▸ **GIVEN ENTRIES**
-=-=-=-=-
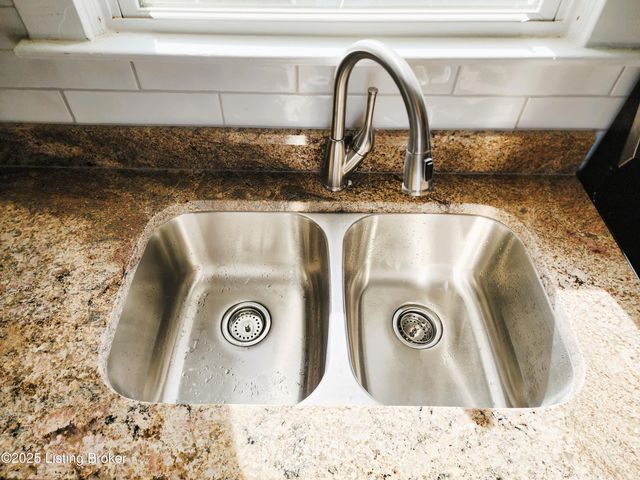 3533 Kahlert Ave, Louisville, KY 40215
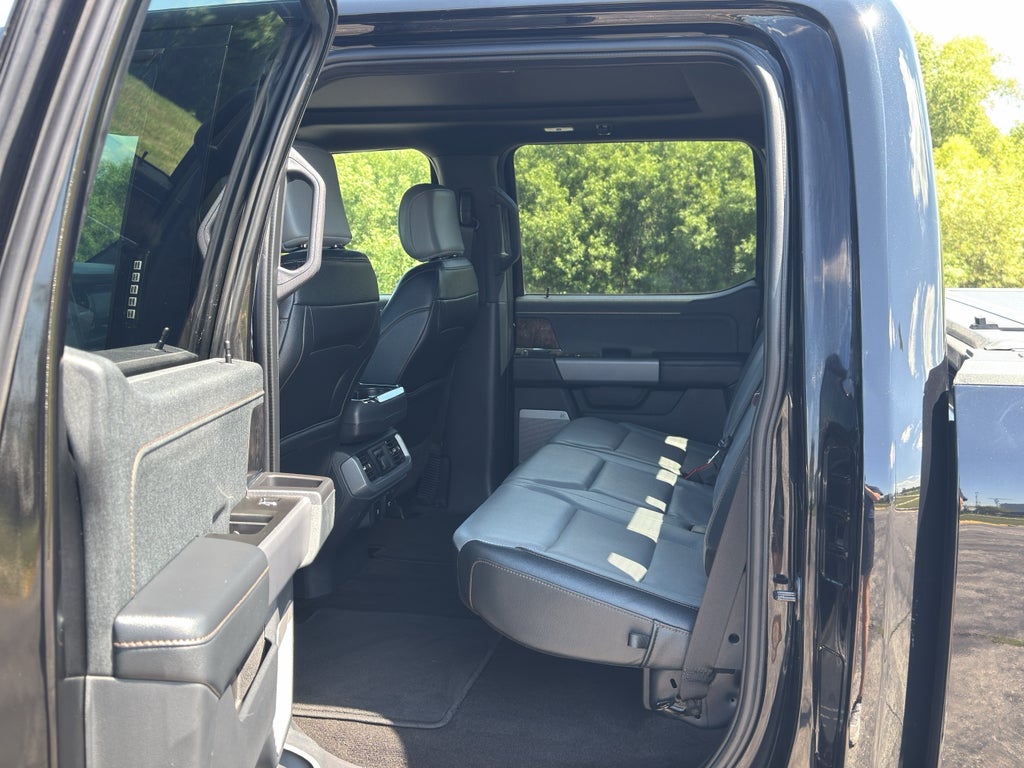 2023 Ford F-150 Lightning LARIAT
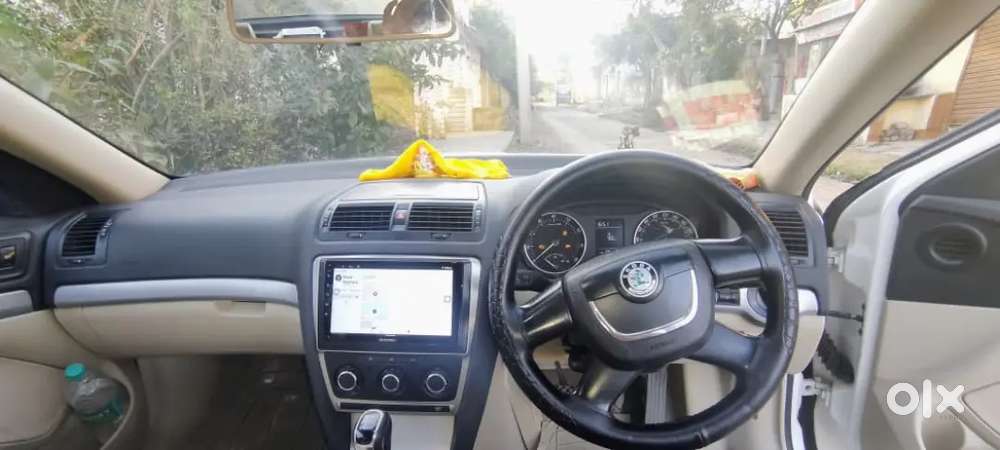 Skoda Laura 2011 Petrol Well Maintained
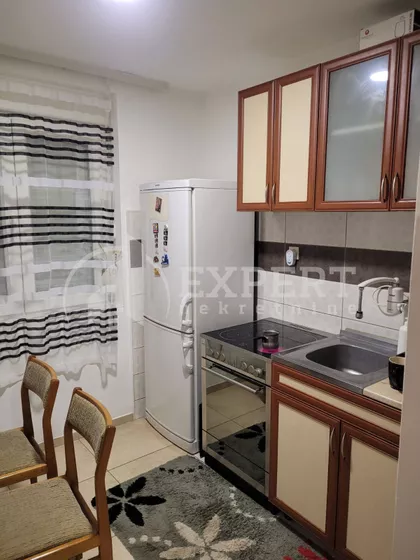 Rentgenova | 4zida.rs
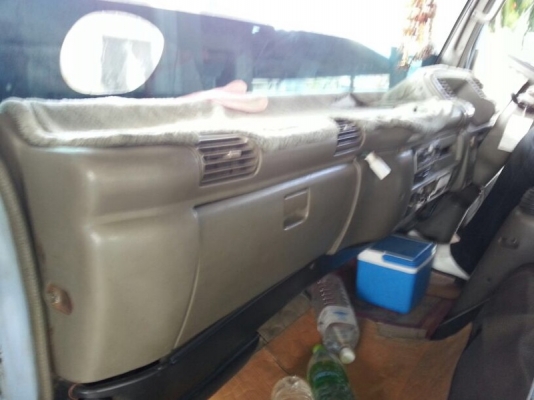 รถอีซูซุ 6 ล้อ ตู้เย็น เปลื่ยนเครื่อง 120 แรงม้า ปี 38 สนใจติดต่อ 081 - 6079515 รถอีซูซุ 6 ล้อ ตู้เย็น เปลื่ยนเครื่อง 120 แรงม้า ปี 38 สนใจติดต่อ 081 - 6079515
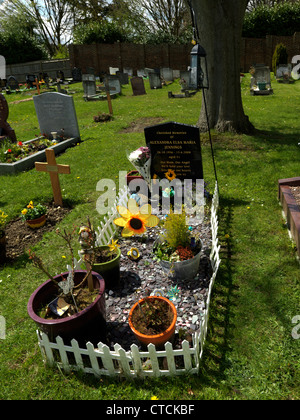 Tombe avec clôture blanche, fleurs, plantes en pot et les moulins à vent sur la colline de Caterham Surrey England Banque D'Images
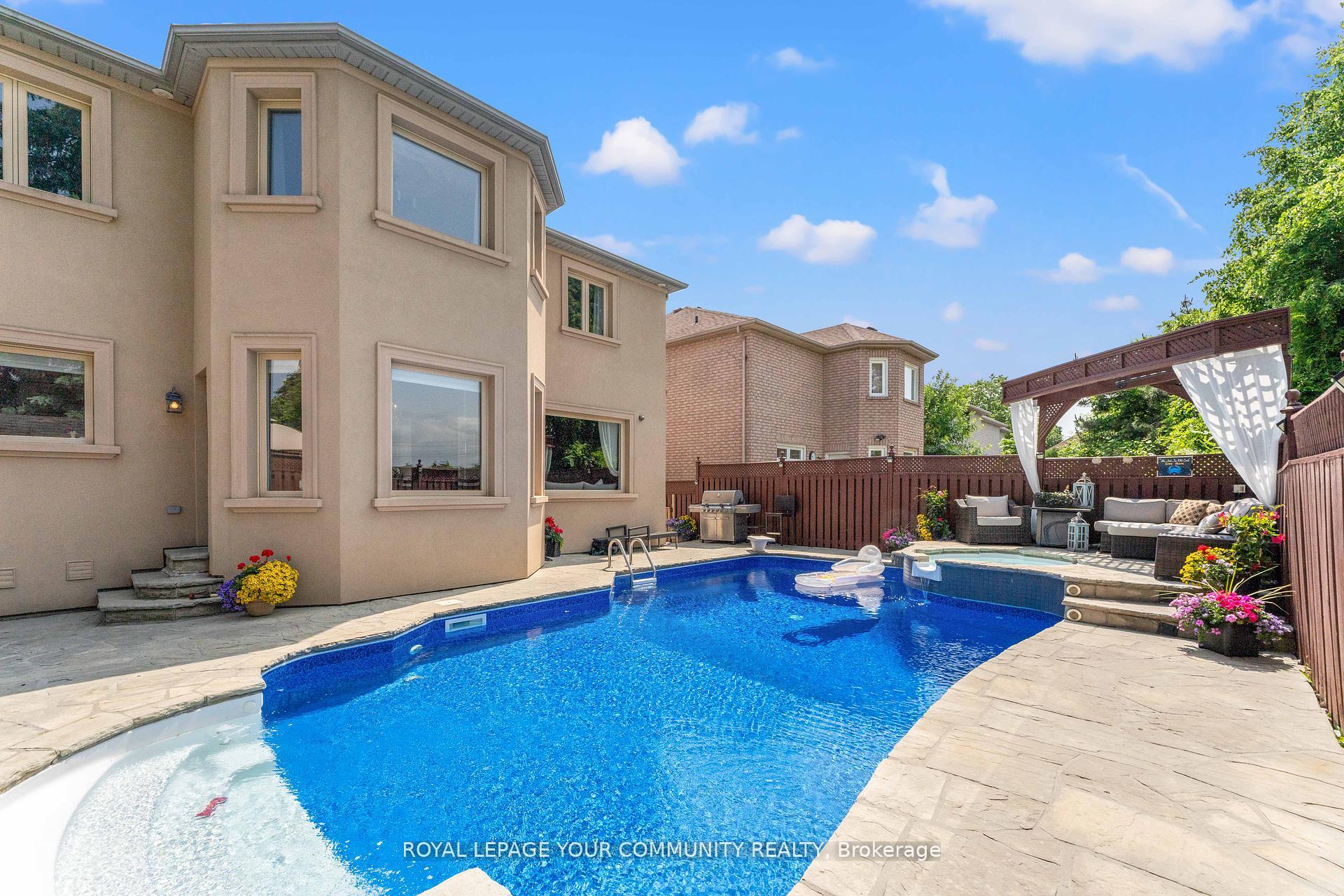 Photo 36 of 118 Forest Lane Drive, Vaughan, Beverley Glen — HOMEH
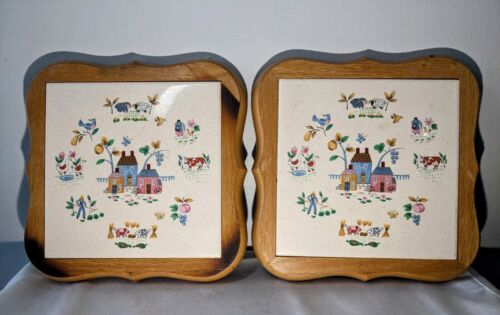2 Vintage Heartland Sammlung gerahmte Keramikfliesen Untersetzer Bauernhof Haus Tiere - Bild 1 von 9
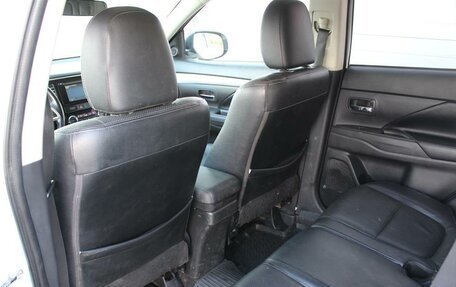 Mitsubishi Outlander III рестайлинг 3, 2013 год, 1 150 000 рублей, 31 фотография
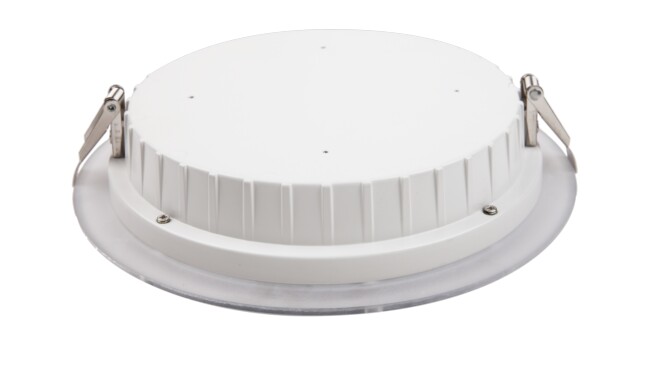 華輝照明專業(yè)LED筒燈廠家，標(biāo)準(zhǔn)的流程與質(zhì)檢程序確保COB筒燈質(zhì)量穩(wěn)定如一。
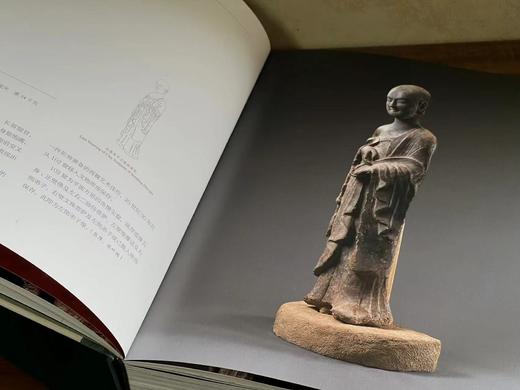 《行经千折水:丝绸之路上的麦积奇观》，中国大运河博物馆编，16开，平脊布面，精装，356页，上海书画出版社2024年11月一版一印。定价368，售价288元。 商品图6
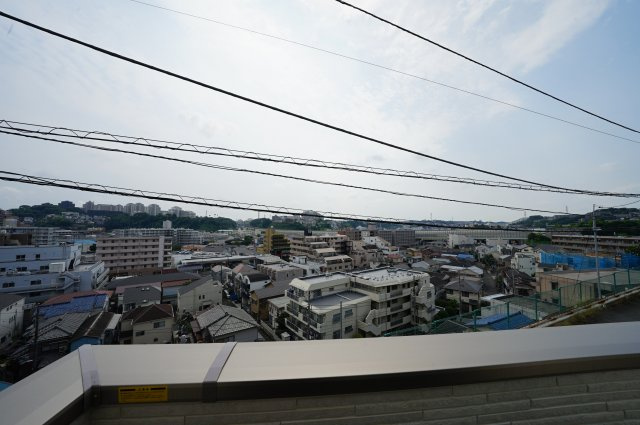 保土ヶ谷区峰岡町２丁目　全３棟新築戸建て【成約】の展望|開放感のある眺望です。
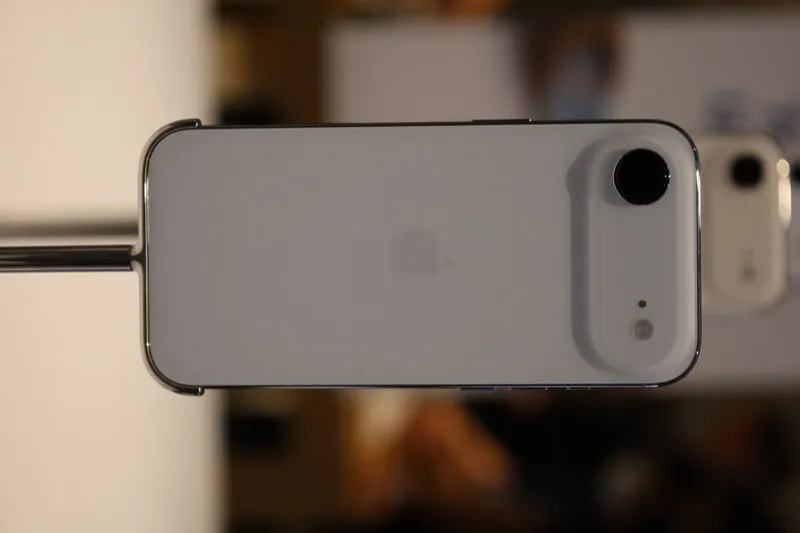 Apple iPhone Air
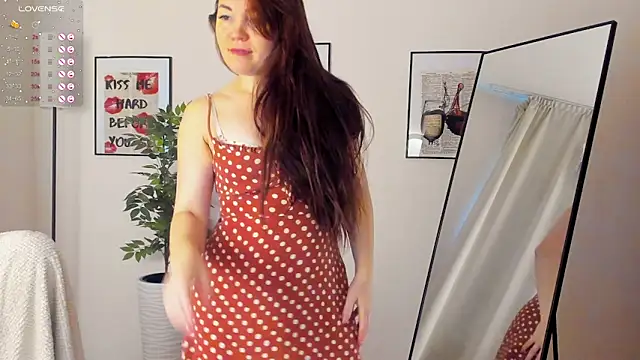 VanessaSmuth online show from 09.25.25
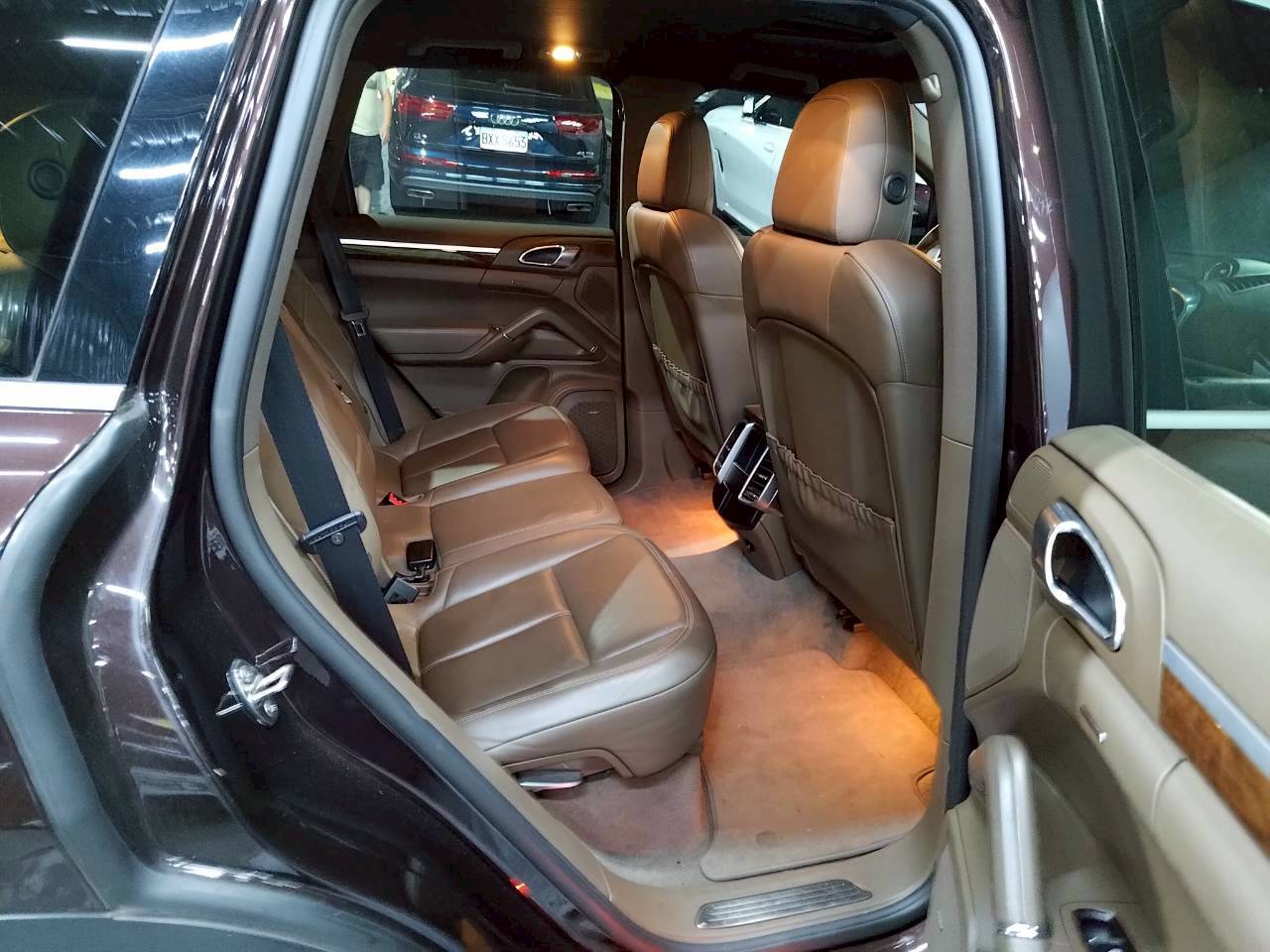 2014 保時捷 cayenne 凱燕 白金柴油版🔥  第3張相片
-=-=-=-=-
▸ **TASK DETAILS**
Output nothing but the entries above, exactly, once the pictures are removed.

▸ **EXPECTED ANSWER**
 3533 Kahlert Ave, Louisville, KY 40215
 2023 Ford F-150 Lightning LARIAT
 Skoda Laura 2011 Petrol Well Maintained
 Rentgenova | 4zida.rs
 รถอีซูซุ 6 ล้อ ตู้เย็น เปลื่ยนเครื่อง 120 แรงม้า ปี 38 สนใจติดต่อ 081 - 6079515 รถอีซูซุ 6 ล้อ ตู้เย็น เปลื่ยนเครื่อง 120 แรงม้า ปี 38 สนใจติดต่อ 081 - 6079515
 Tombe avec clôture blanche, fleurs, plantes en pot et les moulins à vent sur la colline de Caterham Surrey England Banque D'Images
 Photo 36 of 118 Forest Lane Drive, Vaughan, Beverley Glen — HOMEH
2 Vintage Heartland Sammlung gerahmte Keramikfliesen Untersetzer Bauernhof Haus Tiere - Bild 1 von 9
 Mitsubishi Outlander III рестайлинг 3, 2013 год, 1 150 000 рублей, 31 фотография
 華輝照明專業(yè)LED筒燈廠家，標(biāo)準(zhǔn)的流程與質(zhì)檢程序確保COB筒燈質(zhì)量穩(wěn)定如一。
 《行经千折水:丝绸之路上的麦积奇观》，中国大运河博物馆编，16开，平脊布面，精装，356页，上海书画出版社2024年11月一版一印。定价368，售价288元。 商品图6
 保土ヶ谷区峰岡町２丁目　全３棟新築戸建て【成約】の展望|開放感のある眺望です。
 Apple iPhone Air
 VanessaSmuth online show from 09.25.25
 2014 保時捷 cayenne 凱燕 白金柴油版🔥  第3張相片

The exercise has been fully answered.